Stored data
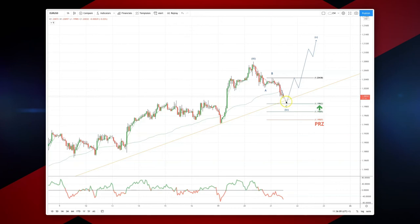Set long positions targeting a fifth wave objective up to 1.2125, which is that big daily trendline resistance as referenced on my daily market outlook.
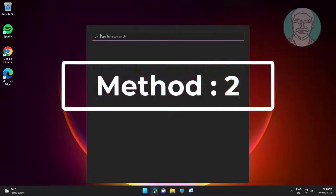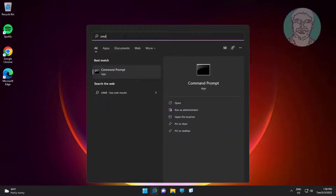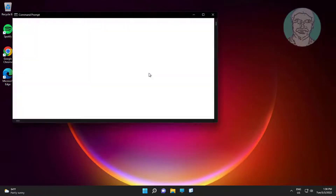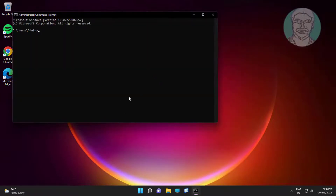Second method: type cmd in the Windows search bar, right-click and run as administrator. Type sfc /scannow.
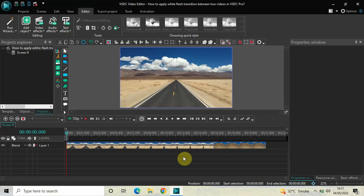Hey guys, welcome back to Next Gen Blog. In this video I want to show you how you can apply a white flash transition between two videos in VSDC Video Editor Pro version. It's actually super easy, so without further delay let's get started.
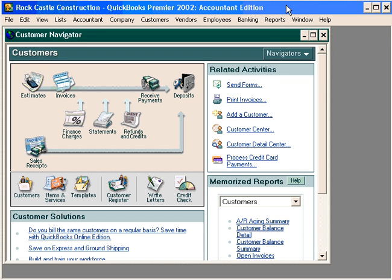Let's talk about some customer reports that can help you manage your cash flow even better. Managing your cash flow is always a vital part of running any accounting system for a business. QuickBooks has a few customer reports to help you with this.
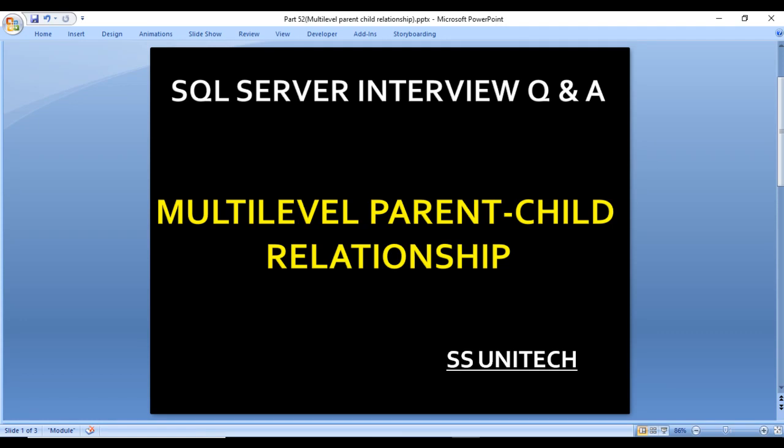Hello, welcome to SS Unitech. This is Sushil, and this is a continuation of our sequence of interview questions and answers. Today we're going to discuss one more interview question: multilevel parent-child relationship. So what is this question? Let's move to the next slide to understand it.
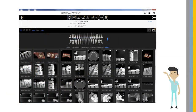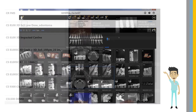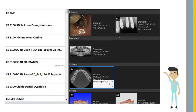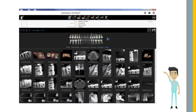You can attach documents, images, and videos to patient records. You can access image acquisition, add comments, share, print, and export images from the dashboard.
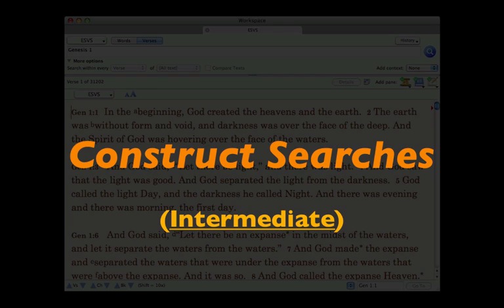Construct searches. This podcast is at the intermediate level. It requires some knowledge of Accordance Bible software, but no knowledge of Hebrew or Greek.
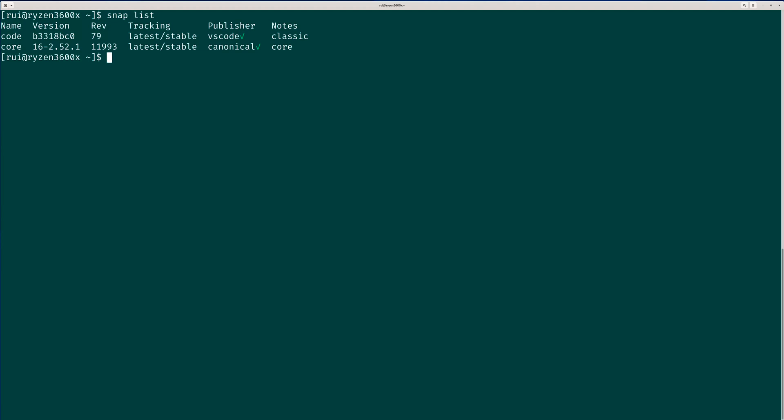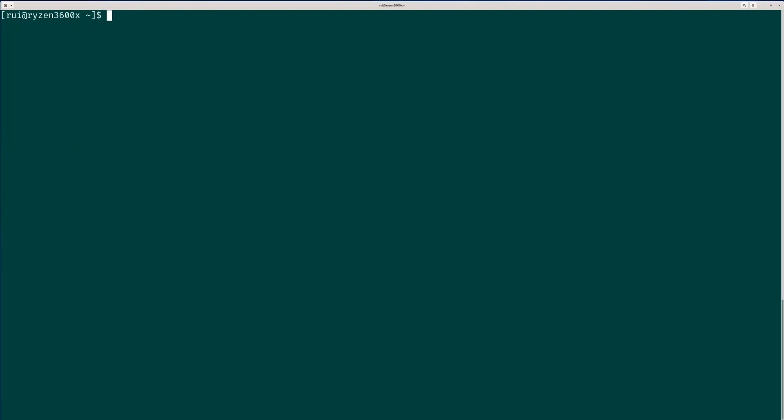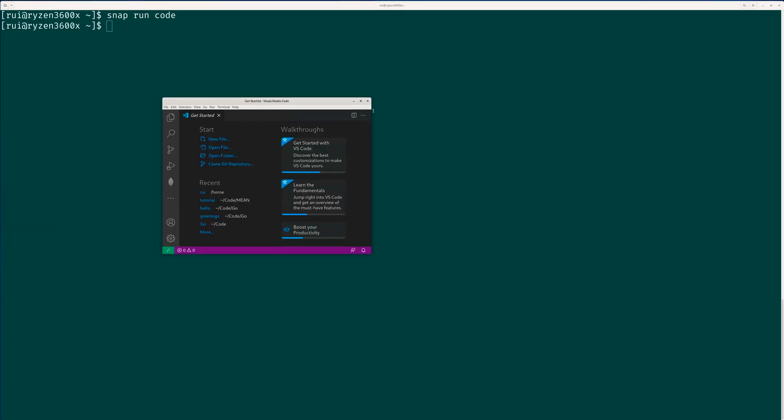See, Visual Studio Code is installed. And you will not have any Visual Studio Code icon on launch. To launch Visual Studio Code, you have to type snap run code. So it is running on my other window here.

• **TASK BRIEF**:
Repeat, exactly and in full, every entry in the data, but not the pictures.

• **OUTPUT**:
Set long positions targeting a fifth wave objective up to 1.2125, which is that big daily trendline resistance as referenced on my daily market outlook.
Second method: type cmd in the Windows search bar, right-click and run as administrator. Type sfc /scannow.
Hey guys, welcome back to Next Gen Blog. In this video I want to show you how you can apply a white flash transition between two videos in VSDC Video Editor Pro version. It's actually super easy, so without further delay let's get started.
Let's talk about some customer reports that can help you manage your cash flow even better. Managing your cash flow is always a vital part of running any accounting system for a business. QuickBooks has a few customer reports to help you with this.
Hello, welcome to SS Unitech. This is Sushil, and this is a continuation of our sequence of interview questions and answers. Today we're going to discuss one more interview question: multilevel parent-child relationship. So what is this question? Let's move to the next slide to understand it.
You can attach documents, images, and videos to patient records. You can access image acquisition, add comments, share, print, and export images from the dashboard.
Construct searches. This podcast is at the intermediate level. It requires some knowledge of Accordance Bible software, but no knowledge of Hebrew or Greek.
See, Visual Studio Code is installed. And you will not have any Visual Studio Code icon on launch. To launch Visual Studio Code, you have to type snap run code. So it is running on my other window here.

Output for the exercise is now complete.